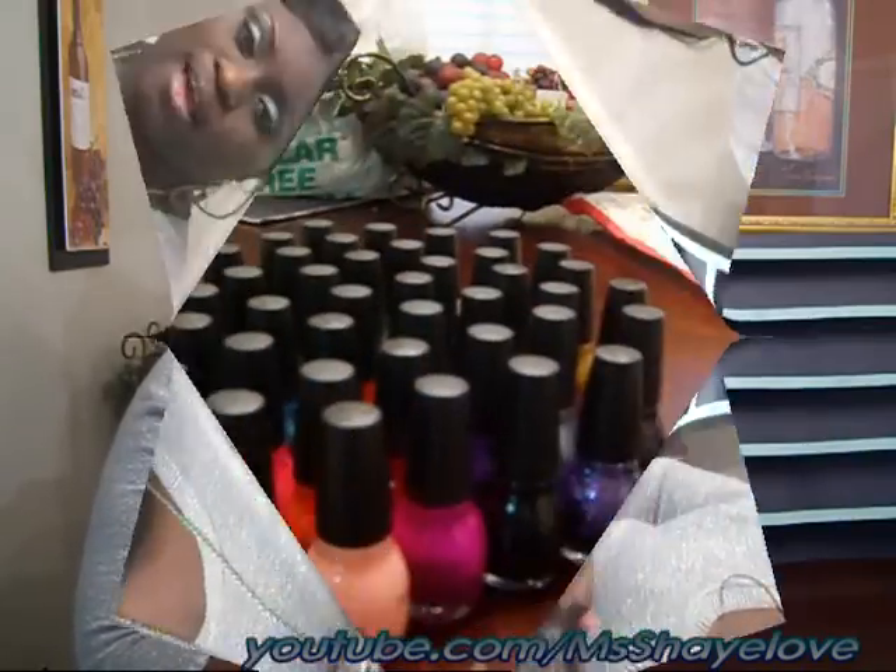So I used her method, and I'm going to be filling that with polishes. Let me show you all the polishes that I got.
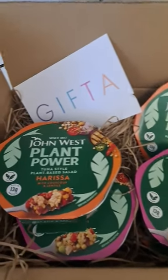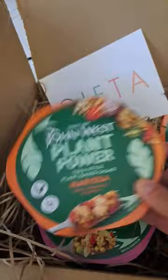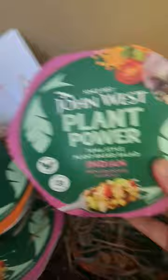How exciting is this — John West now do plant-based tuna! So this is the harissa with couscous and lentil one, and then they also do an Indian with couscous and lentil. They come in these little trays, you don't need to put them in the fridge, they're literally ready to go.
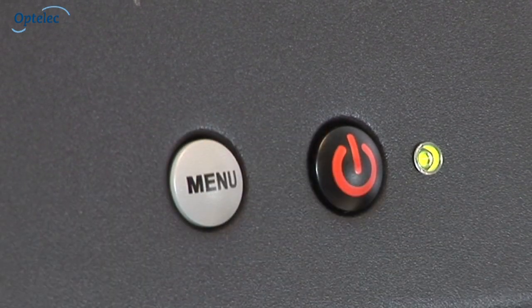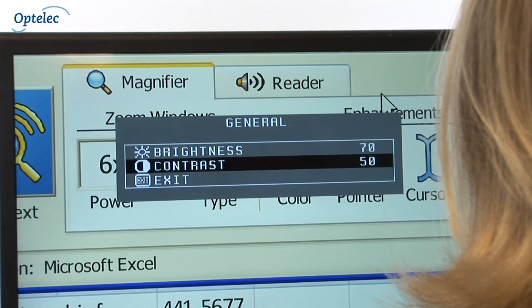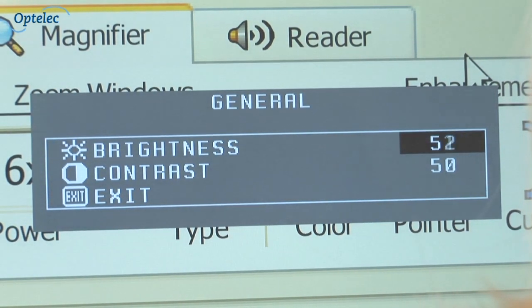Press the menu button to access the large font menu. This allows you to adjust the color, brightness, and contrast settings for both the video magnifier and computer images individually.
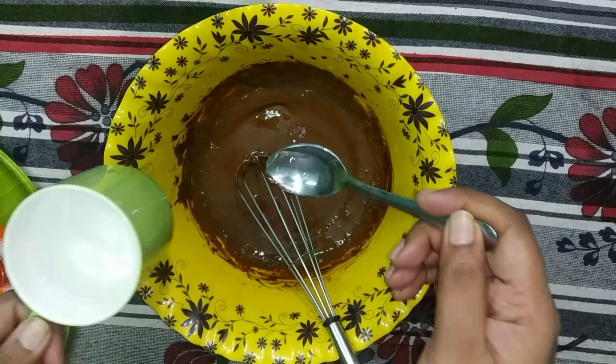Let me give you a suggestion. This is a creamy, fluffy texture. We will do the next preparation. I will give you a glass and garnish it with Hershey syrup or chocolate syrup.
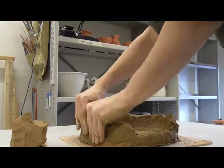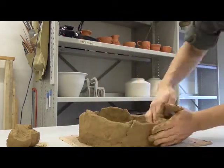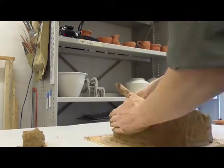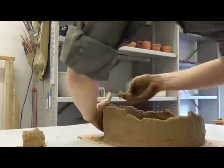After applying several coils to the work, she smooths and evens the wall thicknesses. This action hides the seams between separate coils, makes the walls more uniform, and also allows her to correct the overall shape of the work.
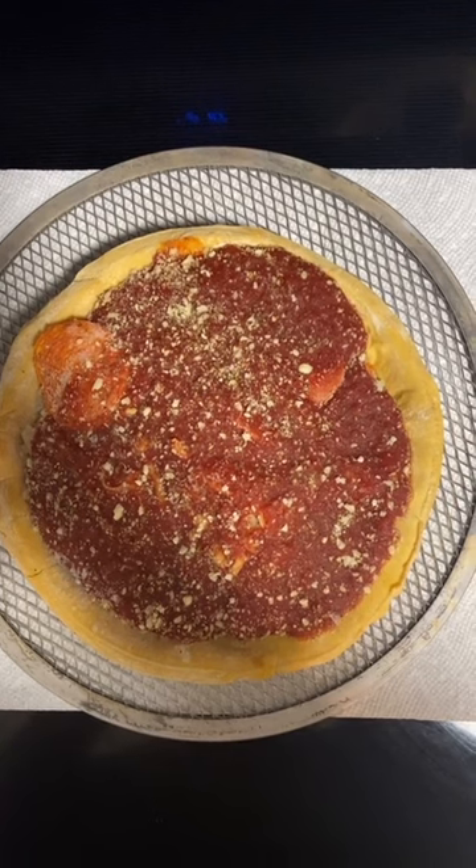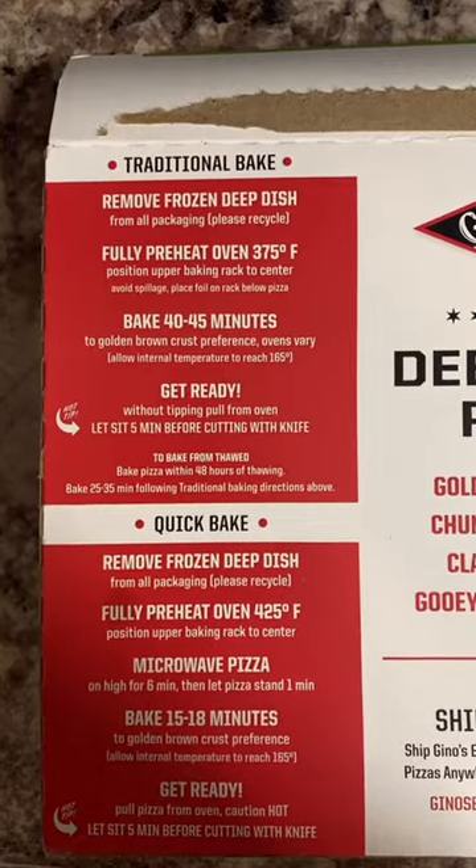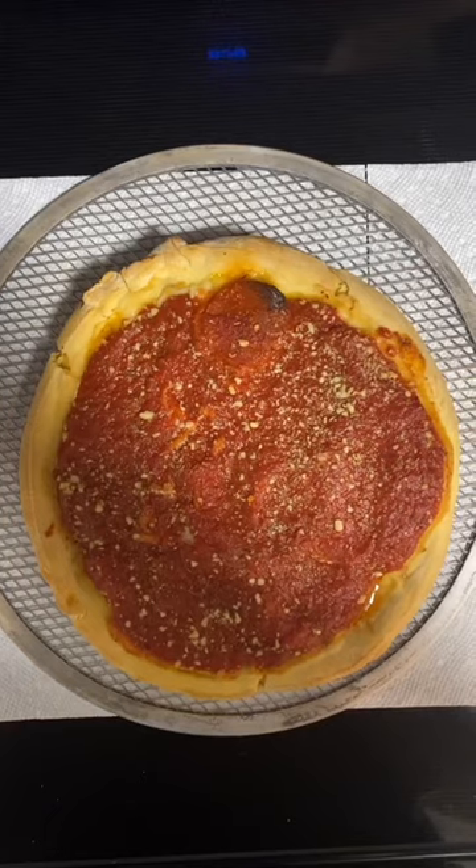We're going to cook this pizza at 375 degrees Fahrenheit for 40 to 45 minutes. Keep in mind there are also some quick bake options. Here's the pizza directly out of the oven.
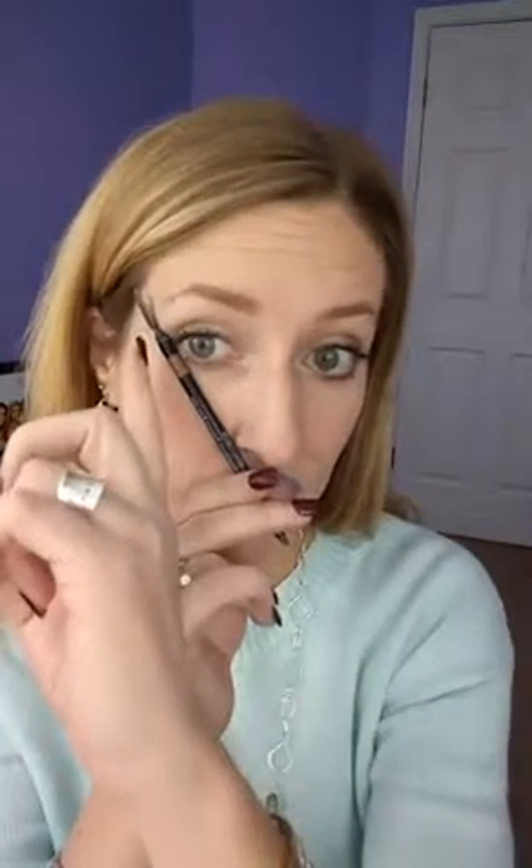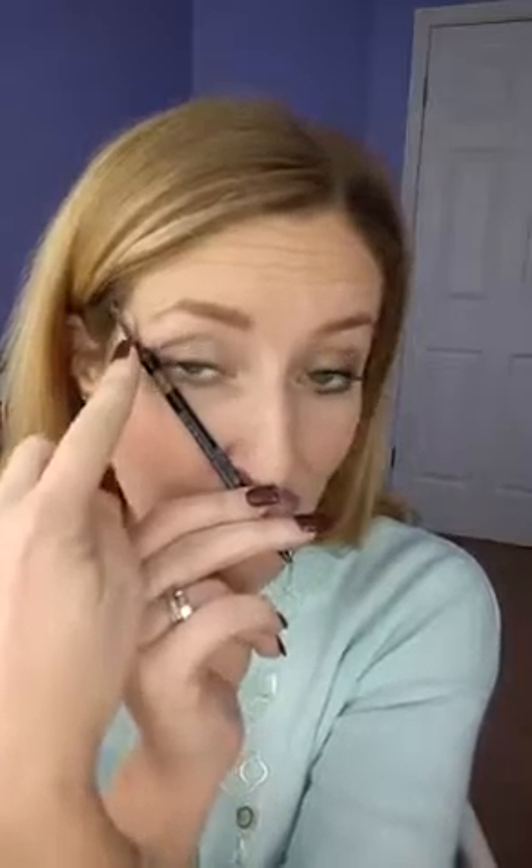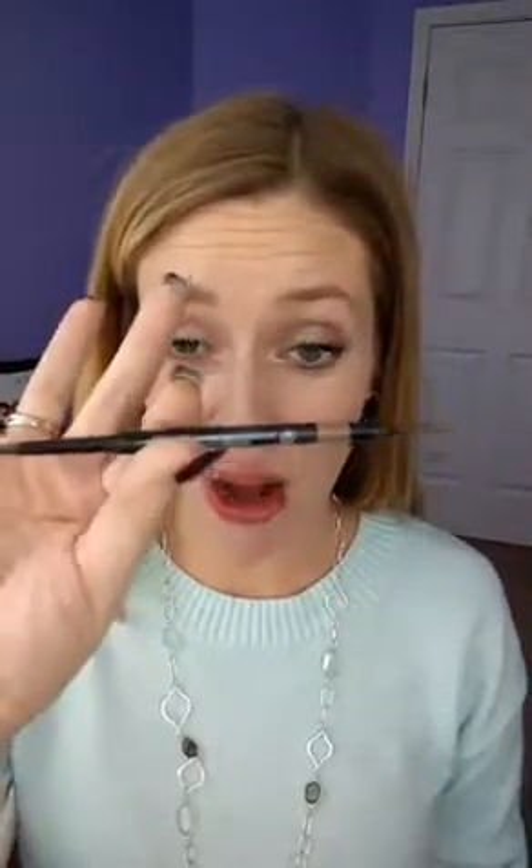We're filling in any areas that are a little sparse. Your brows on the back side after your arch should come down to the line between your nose and your outer eye. You can see my brows just don't go down quite enough, so I'm going to go ahead and fill that in right here and take it down to where that line would be.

• _WORK TO COMPLETE_: Everything from the top line of the data down to and including the line with "Press the menu" is to be copied, except the pictures.

• _EXPECTED ANSWER_:
So I used her method, and I'm going to be filling that with polishes. Let me show you all the polishes that I got.
How exciting is this — John West now do plant-based tuna! So this is the harissa with couscous and lentil one, and then they also do an Indian with couscous and lentil. They come in these little trays, you don't need to put them in the fridge, they're literally ready to go.
Press the menu button to access the large font menu. This allows you to adjust the color, brightness, and contrast settings for both the video magnifier and computer images individually.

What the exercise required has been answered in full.